--- EXERCISE BRIEF ---
Look through the lines below and extract each one that contains "quality".
*** Opening of EXERCISE DATA ***
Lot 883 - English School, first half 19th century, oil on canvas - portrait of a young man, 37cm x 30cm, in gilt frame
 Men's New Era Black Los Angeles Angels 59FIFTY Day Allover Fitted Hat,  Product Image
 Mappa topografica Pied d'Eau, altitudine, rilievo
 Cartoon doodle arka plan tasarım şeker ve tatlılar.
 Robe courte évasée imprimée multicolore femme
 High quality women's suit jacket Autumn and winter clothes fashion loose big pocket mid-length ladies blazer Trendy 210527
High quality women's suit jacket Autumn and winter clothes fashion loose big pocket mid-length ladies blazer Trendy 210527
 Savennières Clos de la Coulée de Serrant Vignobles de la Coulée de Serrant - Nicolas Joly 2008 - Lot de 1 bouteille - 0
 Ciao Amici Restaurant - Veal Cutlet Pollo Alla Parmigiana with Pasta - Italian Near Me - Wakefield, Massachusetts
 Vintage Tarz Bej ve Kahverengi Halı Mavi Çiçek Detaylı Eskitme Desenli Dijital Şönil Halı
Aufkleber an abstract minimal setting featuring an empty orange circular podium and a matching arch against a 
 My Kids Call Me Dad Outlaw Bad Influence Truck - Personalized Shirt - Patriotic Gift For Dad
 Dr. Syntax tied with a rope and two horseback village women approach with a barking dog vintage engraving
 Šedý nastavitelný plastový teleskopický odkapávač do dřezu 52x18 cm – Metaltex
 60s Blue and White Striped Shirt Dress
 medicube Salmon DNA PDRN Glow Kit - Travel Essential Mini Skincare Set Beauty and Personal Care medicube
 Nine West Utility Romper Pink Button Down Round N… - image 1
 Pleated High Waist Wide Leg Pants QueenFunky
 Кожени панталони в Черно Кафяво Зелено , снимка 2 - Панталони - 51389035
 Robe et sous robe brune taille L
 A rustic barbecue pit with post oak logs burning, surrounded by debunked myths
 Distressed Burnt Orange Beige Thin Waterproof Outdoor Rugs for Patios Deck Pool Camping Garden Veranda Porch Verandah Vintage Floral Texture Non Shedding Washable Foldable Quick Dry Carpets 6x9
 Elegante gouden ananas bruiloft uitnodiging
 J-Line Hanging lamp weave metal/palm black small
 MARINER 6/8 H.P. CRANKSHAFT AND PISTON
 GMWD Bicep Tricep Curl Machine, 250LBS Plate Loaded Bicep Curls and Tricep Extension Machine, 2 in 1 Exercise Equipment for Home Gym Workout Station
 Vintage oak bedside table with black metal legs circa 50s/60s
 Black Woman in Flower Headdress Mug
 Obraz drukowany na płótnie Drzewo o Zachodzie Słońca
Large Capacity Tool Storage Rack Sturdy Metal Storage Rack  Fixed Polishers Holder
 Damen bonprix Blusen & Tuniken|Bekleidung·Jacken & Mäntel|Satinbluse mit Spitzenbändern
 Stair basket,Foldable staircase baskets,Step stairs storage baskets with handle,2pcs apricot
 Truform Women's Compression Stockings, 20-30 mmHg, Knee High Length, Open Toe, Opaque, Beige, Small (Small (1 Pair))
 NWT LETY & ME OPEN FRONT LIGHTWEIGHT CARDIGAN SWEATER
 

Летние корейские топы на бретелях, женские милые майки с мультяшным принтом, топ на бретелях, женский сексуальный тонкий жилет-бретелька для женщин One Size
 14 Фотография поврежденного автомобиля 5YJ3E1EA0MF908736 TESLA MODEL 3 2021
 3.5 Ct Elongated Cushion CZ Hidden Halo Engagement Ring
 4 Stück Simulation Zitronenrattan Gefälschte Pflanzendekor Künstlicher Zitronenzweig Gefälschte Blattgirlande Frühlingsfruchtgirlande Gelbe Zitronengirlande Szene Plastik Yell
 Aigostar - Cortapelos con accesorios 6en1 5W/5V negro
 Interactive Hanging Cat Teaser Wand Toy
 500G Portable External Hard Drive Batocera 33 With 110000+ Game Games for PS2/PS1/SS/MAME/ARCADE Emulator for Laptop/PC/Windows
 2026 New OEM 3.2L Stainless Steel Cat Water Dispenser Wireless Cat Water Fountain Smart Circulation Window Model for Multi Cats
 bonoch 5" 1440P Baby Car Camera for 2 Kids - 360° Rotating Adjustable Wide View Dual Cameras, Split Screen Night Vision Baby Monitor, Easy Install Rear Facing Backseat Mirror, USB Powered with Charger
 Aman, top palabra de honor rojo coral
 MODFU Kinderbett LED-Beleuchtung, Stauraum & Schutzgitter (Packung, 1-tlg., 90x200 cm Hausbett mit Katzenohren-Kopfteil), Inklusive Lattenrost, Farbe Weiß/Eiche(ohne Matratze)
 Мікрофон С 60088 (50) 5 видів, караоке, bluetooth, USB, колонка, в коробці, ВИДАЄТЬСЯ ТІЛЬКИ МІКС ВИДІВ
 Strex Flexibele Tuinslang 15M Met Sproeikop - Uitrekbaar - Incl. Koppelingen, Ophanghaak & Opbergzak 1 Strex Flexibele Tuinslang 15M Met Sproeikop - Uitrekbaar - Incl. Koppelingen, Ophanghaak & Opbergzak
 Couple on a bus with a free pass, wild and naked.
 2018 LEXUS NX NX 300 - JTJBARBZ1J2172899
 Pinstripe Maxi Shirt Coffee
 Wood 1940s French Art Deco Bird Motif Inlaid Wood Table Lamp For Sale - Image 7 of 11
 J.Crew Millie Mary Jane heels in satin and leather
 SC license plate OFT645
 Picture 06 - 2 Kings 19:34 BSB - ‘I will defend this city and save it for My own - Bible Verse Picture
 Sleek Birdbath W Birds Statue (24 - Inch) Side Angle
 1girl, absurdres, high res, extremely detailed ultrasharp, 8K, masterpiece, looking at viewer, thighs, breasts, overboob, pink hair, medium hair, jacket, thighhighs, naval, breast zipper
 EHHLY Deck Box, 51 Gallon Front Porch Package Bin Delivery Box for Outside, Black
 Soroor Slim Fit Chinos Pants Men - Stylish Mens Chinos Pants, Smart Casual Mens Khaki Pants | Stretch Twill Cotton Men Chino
*** Close of EXERCISE DATA ***
--- WORKED SOLUTION ---
 High quality women's suit jacket Autumn and winter clothes fashion loose big pocket mid-length ladies blazer Trendy 210527
High quality women's suit jacket Autumn and winter clothes fashion loose big pocket mid-length ladies blazer Trendy 210527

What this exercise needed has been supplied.